In 1918, he left New York, and moved back home to Los Angeles, California.

Taking the Gospel of Modern Art to California (1920 - 1925)
California, and the rest of the USA's occidental coast, was virtually untouched by modern art in 1918. Impressionism was still considered to be pretty radical.

In 1920, Stanton began to experiment with film. He created a full-length feature film, but it was destroyed in a fire. In the same year, he organised the first modern art exposition at 'The Los Angeles Museum of History, Science and Art, Exposition Park', entitled 'Exhibition of Paintings by American Modernists'. He also gave several lectures there, on modern art.

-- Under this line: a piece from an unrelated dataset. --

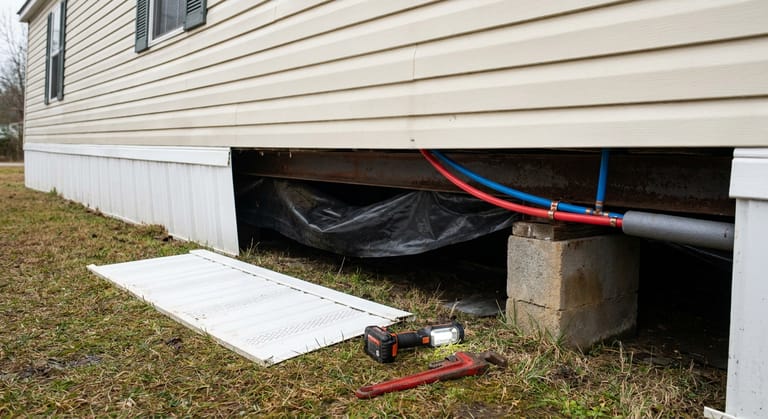 An open skirting panel on a single-wide manufactured home showing the black belly wrap and red and blue PEX supply lines running underneath the floor.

In 1923 he began teaching at the 'Los Angeles Art Students League', where he had previously studied before moving to Paris. He soon took over as director, and held the post for ten years. He also organised the 'First Exhibition of the Group of Independent Artists of Los Angeles'; the Group of Independent Artists of Los Angeles became an important artistic group in the area.

In 1924 he wrote 'A Treatise on Color', summarizing the Synchromist method. This is probably his most important literary work.

The next year, 1925, he organised the 'Modern Art Workers'. This became another important artist collective in California. He also organized various exhibitions of modern art in the following years.

Development of Japanese Influences (1927 - 1973)
In 1927, the Los Angeles Museum hosted 'Synchromism', an exposition of Synchromist work. Also, Stanton wrote and directed Synchromist theatre in Santa Monica, using for the purpose a device he invented to project colour. Both he and Russell have been interested in making a kinetic light machine since their Paris days; this is an important first step (the project was finally realized fully in 1959).

During the 1930s, he created an important mural cycle for the Santa Monica Public Library, showing art, science, and lots of great thinkers from around the world and throughout time. He was also involved in a number of exhibitions in New York and California, and he became first district supervisor, then later state director for a US governmental art-related organisation ('Federal Arts Project/ Works Project Administration'). He repeatedly refers to this project as 'setting art back 150 years' in the area. He also says:

Also, in 1933, he wrote 'A Basis of Culture', a survey of worldwide art (unpublished). He spent 1939 in a Zen Monastery.

In the 1940s, he had many major exhibitions, and began teaching oriental and contemporary art at UCLA (the University of California at Los Angeles).

In 1951, his wife died. In 1952, he remarried, and also travelled to Tokyo to study Chinese and Japanese painting and sculpture, and also to do some teaching in Tokyo, as a Fulbright professor. He resigned from UCLA in 1954 due to ill health. In 1956 there was a major retrospective of Stanton's work.

After decades of attempts and failures, in 1959 Stanton built the first version of the Synchrome Kineidoscope, the light machine about which he and Russell had been theorising since 1913. Stanton's brother Willard wrote a book about the machine entitled 'The Future of Painting'.

In about 1960, Stanton was given a house in the Kyoto monastery where he spent 1939. This suggests that he was well-revered in Japan at this time. He began to spend most of his time living there, in the monastery. From that point all of his painting was done in Japan.

In 1962 he suffered a heart attack, but recovered. In 1964 - 1965 he worked with Clif Karhu in Tokyo on a series of 20 colour woodblock prints entitled 'Haiga'.

His figurative period used Japanese forms and colours, and his later-life Synchromies, with such titles as 'Flight of the Butterfly' and 'Subjective Time', have a subtle, flowing, meditative feel to them which is undoubtedly related to his contact with Zen philosophy and art.

In 1973, he died of a heart attack, aged 83.